Die Zahl der Hunde in Deutschland hat sich seit 2000 nahezu verdoppelt: von etwa fünf Millionen auf über zehn Millionen im Jahr 2020. Auch in Österreich stieg der Hundebestand zwischen 2020 und 2022 deutlich, von rund 629.000 auf über 837.000 Tiere. In der Schweiz wuchs die registrierte Hundepopulation von 445.000 im Jahr 2010 auf über 544.000 im Jahr 2022.

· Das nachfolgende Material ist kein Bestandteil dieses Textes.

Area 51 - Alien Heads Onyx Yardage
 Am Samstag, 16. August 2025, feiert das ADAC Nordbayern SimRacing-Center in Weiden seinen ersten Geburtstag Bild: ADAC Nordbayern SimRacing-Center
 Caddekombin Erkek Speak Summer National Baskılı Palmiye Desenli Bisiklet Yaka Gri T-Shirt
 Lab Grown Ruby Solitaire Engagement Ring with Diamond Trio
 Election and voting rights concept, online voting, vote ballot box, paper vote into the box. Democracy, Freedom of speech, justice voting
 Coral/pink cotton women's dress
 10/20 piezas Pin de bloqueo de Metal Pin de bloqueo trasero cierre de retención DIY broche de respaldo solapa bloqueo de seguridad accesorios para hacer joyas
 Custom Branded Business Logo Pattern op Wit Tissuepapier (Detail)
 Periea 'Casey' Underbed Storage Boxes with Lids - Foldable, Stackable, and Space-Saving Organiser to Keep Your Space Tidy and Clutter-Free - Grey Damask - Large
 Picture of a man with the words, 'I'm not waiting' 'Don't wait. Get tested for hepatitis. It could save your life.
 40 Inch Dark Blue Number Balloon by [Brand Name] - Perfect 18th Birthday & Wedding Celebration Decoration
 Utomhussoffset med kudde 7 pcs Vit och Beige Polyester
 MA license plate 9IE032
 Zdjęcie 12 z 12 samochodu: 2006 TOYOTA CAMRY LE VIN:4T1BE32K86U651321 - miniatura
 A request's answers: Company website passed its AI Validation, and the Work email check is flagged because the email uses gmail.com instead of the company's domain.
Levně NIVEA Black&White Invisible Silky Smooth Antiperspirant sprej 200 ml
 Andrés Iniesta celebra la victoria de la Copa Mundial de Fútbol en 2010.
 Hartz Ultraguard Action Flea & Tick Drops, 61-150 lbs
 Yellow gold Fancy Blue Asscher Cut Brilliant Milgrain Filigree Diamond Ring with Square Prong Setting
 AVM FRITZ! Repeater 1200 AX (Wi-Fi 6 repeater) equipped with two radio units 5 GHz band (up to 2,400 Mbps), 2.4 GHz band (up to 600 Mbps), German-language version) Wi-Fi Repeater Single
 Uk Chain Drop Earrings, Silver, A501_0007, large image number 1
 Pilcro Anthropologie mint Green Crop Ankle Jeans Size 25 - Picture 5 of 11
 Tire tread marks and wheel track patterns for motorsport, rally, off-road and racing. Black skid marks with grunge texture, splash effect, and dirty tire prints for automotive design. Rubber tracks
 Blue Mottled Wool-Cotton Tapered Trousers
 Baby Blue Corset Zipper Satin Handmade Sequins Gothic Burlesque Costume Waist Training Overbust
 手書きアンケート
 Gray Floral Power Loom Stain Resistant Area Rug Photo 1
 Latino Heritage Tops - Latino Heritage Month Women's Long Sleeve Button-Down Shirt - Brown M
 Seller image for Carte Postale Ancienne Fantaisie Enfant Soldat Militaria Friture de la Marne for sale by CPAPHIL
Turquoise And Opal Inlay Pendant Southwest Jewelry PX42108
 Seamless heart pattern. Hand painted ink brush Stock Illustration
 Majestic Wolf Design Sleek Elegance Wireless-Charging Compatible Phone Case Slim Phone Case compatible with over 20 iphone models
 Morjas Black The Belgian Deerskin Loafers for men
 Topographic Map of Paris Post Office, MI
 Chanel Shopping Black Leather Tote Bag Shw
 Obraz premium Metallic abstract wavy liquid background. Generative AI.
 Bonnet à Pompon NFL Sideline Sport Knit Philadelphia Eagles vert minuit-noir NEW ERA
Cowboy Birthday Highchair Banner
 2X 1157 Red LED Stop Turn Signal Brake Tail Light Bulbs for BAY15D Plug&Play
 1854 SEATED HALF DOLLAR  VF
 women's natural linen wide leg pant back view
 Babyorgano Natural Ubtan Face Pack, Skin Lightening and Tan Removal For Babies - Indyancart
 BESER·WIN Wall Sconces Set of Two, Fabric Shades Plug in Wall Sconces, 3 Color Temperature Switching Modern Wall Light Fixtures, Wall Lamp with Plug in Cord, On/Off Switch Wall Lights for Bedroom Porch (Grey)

Gleichzeitig zeigen die Geburtenzahlen einen klar rückläufigen Trend:
– In Deutschland sank die Geburtenziffer 2024 auf 1,35 Kinder pro Frau. Mit rund 677.000 Geburten und über 1 Million Todesfällen ergibt sich ein negativer Bevölkerungssaldo (Destatis 2025)
– In Österreich lag die Geburtenrate 2022 bei 1,41 Kindern pro Frau – ein Tiefstand laut OECD.
– In der Schweiz wurden 2023 nur noch 80.024 Kinder geboren – über 10 % weniger als noch 2021. Die Fertilitätsrate lag 2022 bei 1,39 Kindern pro Frau.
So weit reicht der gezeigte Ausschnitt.